Im looking to pick up a set of HIDs and Im trying to do a little research on the install before I buy them. All I can seem to find in this forum and the MKIV forum is retro fitting and trouble shooting.

I just need some info and pics if possible, on installing HID into FACTORY housings without having to get levelers, oem HID kit, or pvc retrofitting.

:beer:


----------



## ko4 (Oct 28, 2010)

you arent using the stock housing... are you? :facepalm:


----------



## ko4 (Oct 28, 2010)

72SuperDude said:


> Im looking to pick up a set of HIDs and Im trying to do a little research on the install before I buy them. All I can seem to find in this forum and the MKIV forum is retro fitting and trouble shooting.
> 
> I just need some info and pics if possible, on installing HID into FACTORY housings without having to get levelers, oem HID kit, or pvc retrofitting.
> 
> :beer:


I found it, Do yourself a favor and joey mod them. Don't just slap a bunch of HID :bs: into the original housing. Not worth it.


----------



## 72SuperDude (Jun 26, 2006)

Yes, I was planning to use the stock housing, Is there a problem with that?

And Ive already joey modded them. Im wanting to change all the bulbs the way I want them before I put them back in as well as glass lenses.


----------



## 72SuperDude (Jun 26, 2006)

Anyone have some positive info?


----------



## VWJetta27 (Jan 30, 2009)

get headlights meant to run hid's as in ecodes or projectors, thats about as positive i can get. 
north american stock housings with hid = blinding other drivers


----------



## 72SuperDude (Jun 26, 2006)

Awesome, works for me. Thats all I wanted to know. Guess Ill pick up some Osram until I get some better housings.


----------



## zachass o2 (May 6, 2009)

:thumbup: to blinding other drivers!!!!! :laugh: i put hids in my american spec headlights and they look awesome compared to when they were in the ecodes :beer: :beer: :beer: :beer: :beer: :beer: < that 6pack is for all of you haters who dont like us people blinding you. yet you dont say anything about the people with lifted trucks that are more blinding then hids...... :banghead:


----------



## MechEngg (Jan 13, 2009)

zachass o2 said:


> :thumbup: to blinding other drivers!!!!! i put hids in my american spec headlights and they look awesome


Man you are definitely even worse than those guys with lifted trucks because you like blinding other drivers. :thumbdown:


----------



## PA-TDI (Feb 10, 2009)

All the drivers with HID's in stock reflector housings GTFO. I don't care that if you think they look "cool" or you think that you have much better light output than stock. Stop lying to yourself.


----------



## zachass o2 (May 6, 2009)

PA-TDI said:


> All the drivers with HID's in stock reflector housings GTFO. I don't care that if you think they look "cool" or you think that you have much better light output than stock. Stop lying to yourself.

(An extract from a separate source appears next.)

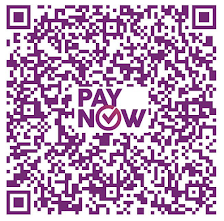 Pay by scanning or saving this QR Code to your bank’s PayNow option. Should you face any payment gateway difficulties, Please  call 8829 2990 or email info@dbcsingapore.org for further enquiries!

if we didnt have better light output then how are we blinding other drivers :laugh: people like you make me :banghead:


----------



## PA-TDI (Feb 10, 2009)

The glare from your HIDs go everywhere, granted some of the light actually does make it to the road, but not much...


----------



## JCJetta (Jun 14, 2002)

It's fun - around here there are a lot of douchenozzles that have HIDs in both their stock halogen reflector headlights as well as their stock reflector fog lights. When I go to flash-to-pass them with my bi-xenons, they retaliate by trying the same thing - only to have all four lights go out at once. 

I know the reason why this happens - anyone else?


----------



## PA-TDI (Feb 10, 2009)

If you don't you don't know anything about lighting. haha. We should stop threadjacking his thread though.


----------